At Euler building (room a.002)


Section 1:Analysis and development of almost-linear time Laplacian solvers for finite element problems.

Speaker : Christophe Heneffe (PhD UCLouvain/INMA)
Abstract : Many applications require solving Laplacian systems as fast as possible. It is the case, for example, with finite element simulations. There exist many methods to solve such systems that work well in practice, but they don't enjoy strong theoretical guarantees except in very specific cases. In the last decades, many theoretical algorithms have been created which allows to solve any Laplacian systems in almost linear time. However, most have never been implemented in practice. These algorithms are very general since they work for any Laplacian system. Adapting them by taking advantage of the properties of the finite element meshes could lead to very efficient solvers for FEM problems. The purpose of this project is the development, analysis and implementation of almost-linear time algorithms specifically adapted to solve FEM problems.
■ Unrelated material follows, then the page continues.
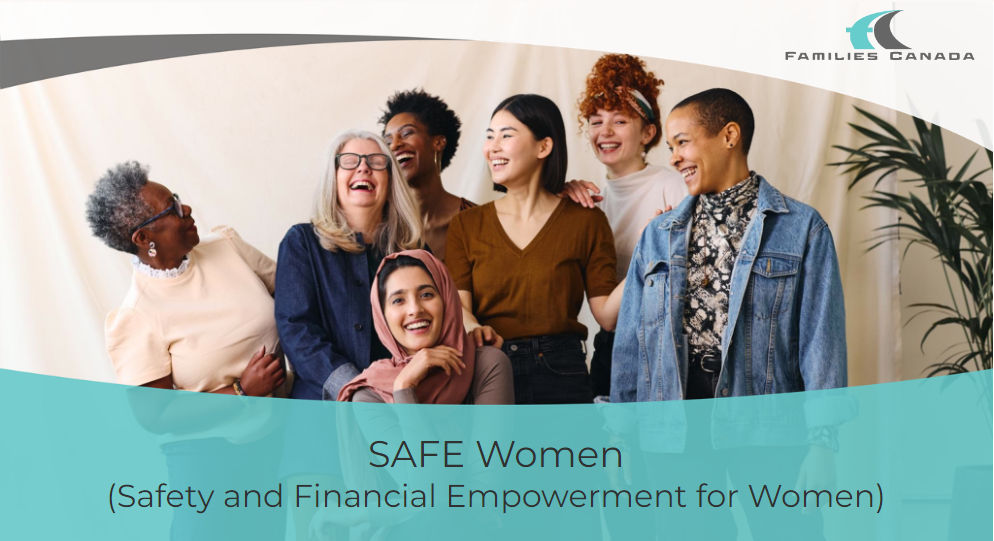 Title slide for the eLearning course SAFE Women: Safety and Financial Empowerment for Women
Section 2:Efficient, Complete G-Invariance for G-Equivariant Networks via Algorithmic reduction.

Speaker : Mataigne, Simon
Abstract : Group-Equivariant Convolutional Neural Networks (G-CNNs) generalize the translation-equivariance of traditional CNNs to group-equivariance, using more general symmetry transformations such as rotation for weight tying. For tasks such as classification, such transformations are removed at the end of the network, to achieve group-invariance, typically by taking a maximum over the group. While this is indeed invariant, it is excessively so; two inputs that are non-identical up to group action can yield the same output, resulting in a general lack of robustness to adversarial attacks. Sanborn and Miolane (2023) proposed an alternative method for achieving invariance without loss of signal structure, called the $G$-triple correlation ($G$-TC). While this method yields demonstrable gains in accuracy and robustness, it comes with a significant increase in computational cost. In this paper, we introduce a new invariant layer based on the Fourier transform of the $G$-TC: the $G$-bispectrum. Operating in Fourier space allows us to significantly reduce the computational cost. Our main theoretical result provides a reduction of the $G$-bispectrum that conserves the selective invariance of the $G$-TC, while only requiring $\mathcal{O}(|G|)$ coefficients. In a suite of experiments, we demonstrate that our approach retains all of the advantages of the $G$-TC, while significantly reducing the computational cost

Section 3:An event-triggered data-driven predictive control

Speaker : Amir Mehrnoosh (PhD UCLouvain/INMA)
Abstract : We develop a data-driven model predictive control (MPC) design procedure to control unknown linear time-invariant systems. This algorithm only requires measured input-output data to drive the system to the reference signal. We add filters on desired inputs and outputs in the cost function to improve the transient response. Moreover, the Hankel matrices are updated online based on a multi-step event-triggered MPC scheme to deal with the uncertainties. This also reduces the computational cost and balances it with the closed-loop performance. Simulation results illustrate the effectiveness of the proposed approach.